The purpose of 3D mammograms is to screen for breast cancer. Breast cancer screening guidelines are somewhat controversial, and different professional organizations recommend different frequencies and ages for how early screening should start.

In general, screening guidelines are designed to balance the benefits of screening with the risks. Benefits of screening include earlier detection of cancers, which may make them easier to treat. Risks include exposure to radiation and overtreatment.

Currently, no screening guidelines explicitly recommend the use of 3D mammography over standard, 2D mammography. Also, 3D mammography is not available in all areas, and it may be a somewhat more expensive procedure.

Because it takes images from multiple angles, there is a possibility that a 3D mammogram may reduce the need for additional imaging. And it may make it easier to identify certain types of breast changes, especially in women with dense breasts. This may be particularly true in combination with 2D mammography.

Some experts say there is a risk of overdiagnosis and treatment as smaller anomalies may be detected that would not have been life-threatening). However, a study published in 2020 found that 3D mammography had significantly fewer false positive results. Patients may be exposed to more radiation than when getting a 2D image if not using newer low-dose 3D imaging.

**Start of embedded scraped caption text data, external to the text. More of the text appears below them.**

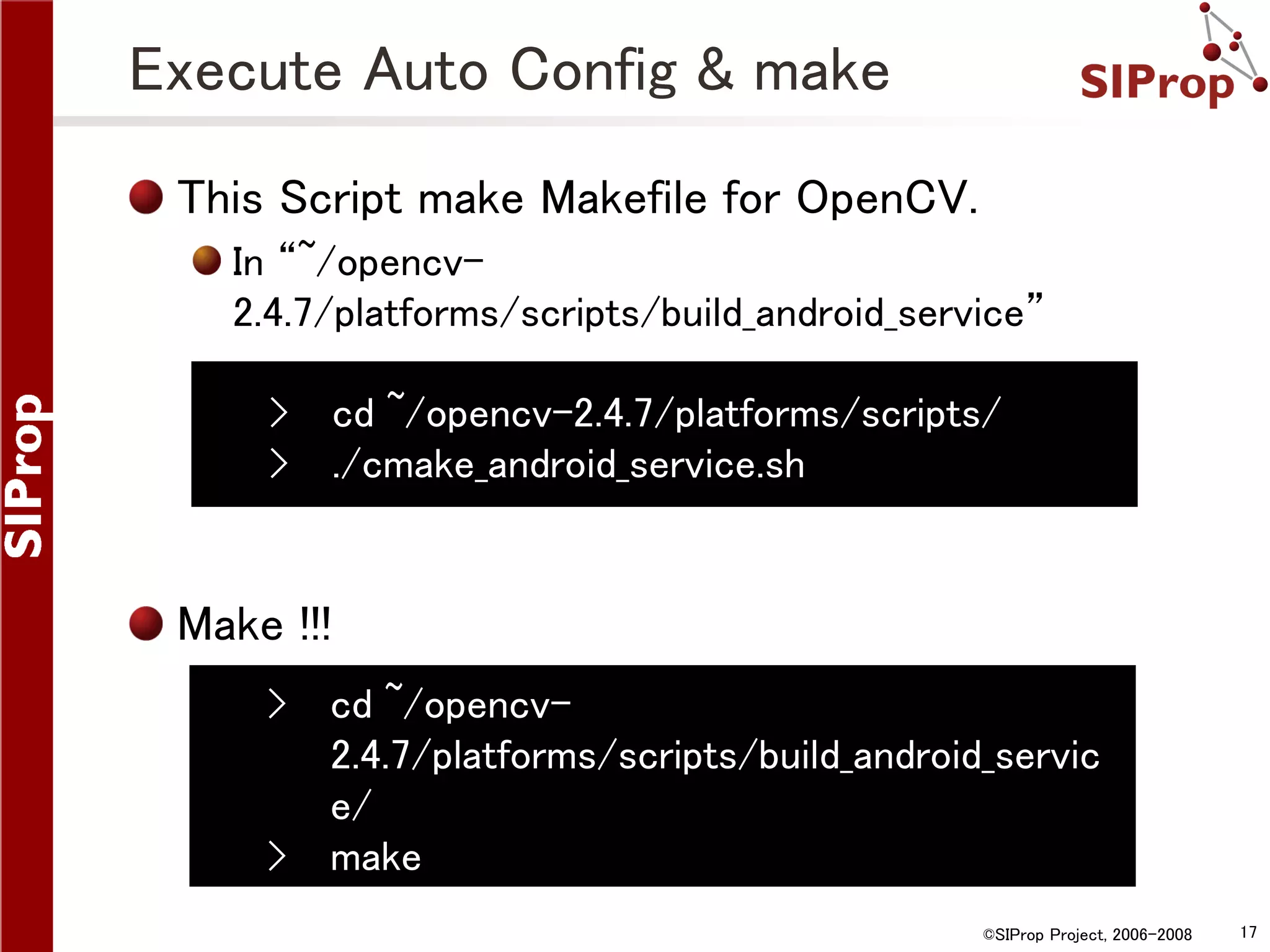 Execute Auto Config & make This Script make Makefile for OpenCV. In “~/opencv2.4.7/platforms/scripts/build_android_service” › cd ~/opencv-2.4.7/platforms/scripts/ › ./cmake_android_service.sh Make !!! › › cd ~/opencv2.4.7/platforms/scripts/build_android_servic e/ make ©SIProp Project, 2006-2008 17 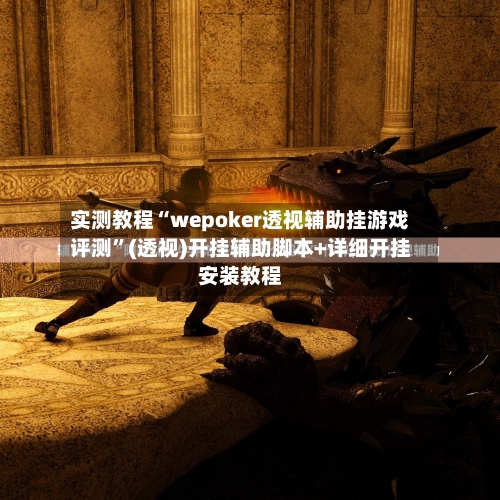 实测教程“wepoker透视辅助挂游戏评测”(透视)开挂辅助脚本+详细开挂安装教程-第2张图片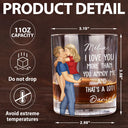 Gift For Couples, Funny, Gift For Husband - I Love You More Than You Annoy Me - Personalized Whiskey Glass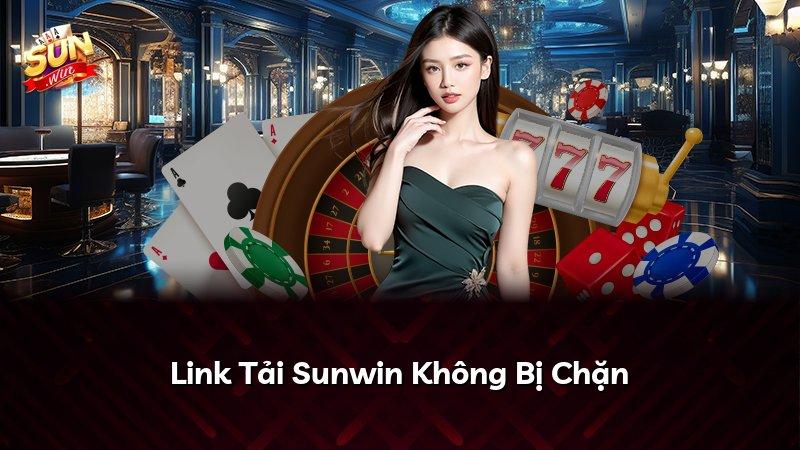 Link Tải Sunwin Không Bị Chặn
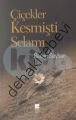 Çiçekler Kesmişti Selamı, Recep Seyhan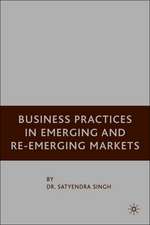 Business Practices in Emerging and Re-Emerging Markets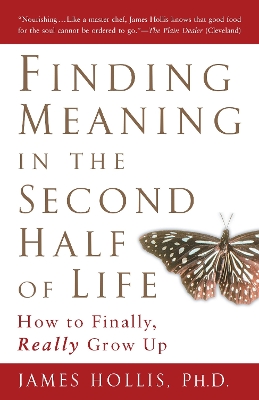 Finding Meaning in the Second Half of Life book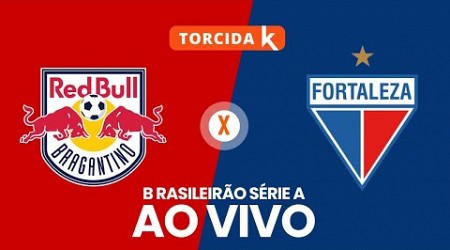 RB Bragantino x Fortaleza | AO VIVO | Brasileirão Série A 2024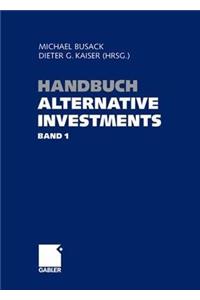 Handbuch Alternative Investments - Band 1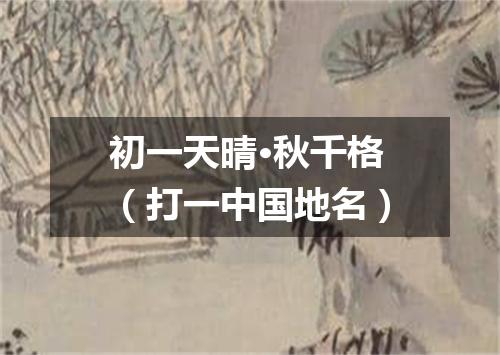 初一天晴·秋千格（打一中国地名）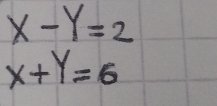 x-y=2
x+y=6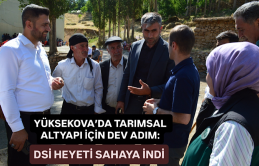 Yüksekova’da tarımsal altyapı için dev adım: DSİ heyeti sahaya indi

Breast Cancer Mammogram Screening Comparison Chart
Women of Average Risk USPSTF American Cancer Society ACOG American College of Physicians 
Ages 40-49 Screening at this age is an individual choice. Those concerned with benefits more than harms can screen every other year. People should have the choice to start yearly screenings at age 40. People ages 45-49 should be screened yearly. After counseling, having screenings annually or every other year may be offered. Clinicians should discuss benefits and harms. Potential harms outweigh the benefits for most people.
Ages 50-74 Recommended every two years Ages 50-54 annually; 55+ every two years or annually Annually or every two years, after counseling Should be offered every two years
Ages 75+ Insufficient evidence to balance benefits/harms People should continue as long as in overall good health and have a life expectancy greater than 10 years. The decision to stop should be based on shared decision-making. Discontinue, especially for people with less than 10-year life expectancy
Women with Dense Breasts Insufficient evidence for/against additional screening Insufficient evidence for/against annual MRI Routine mammography; comply with state density disclosure laws Insufficient evidence
Mammogram recommendations from major organizations (Fall 2020). USPSTF = U.S. Preventive Services Taskforce. ACOG = American College of Obstetricians and Gynecologists. This table does not include information about alternative screening choices, including clinical breast exam.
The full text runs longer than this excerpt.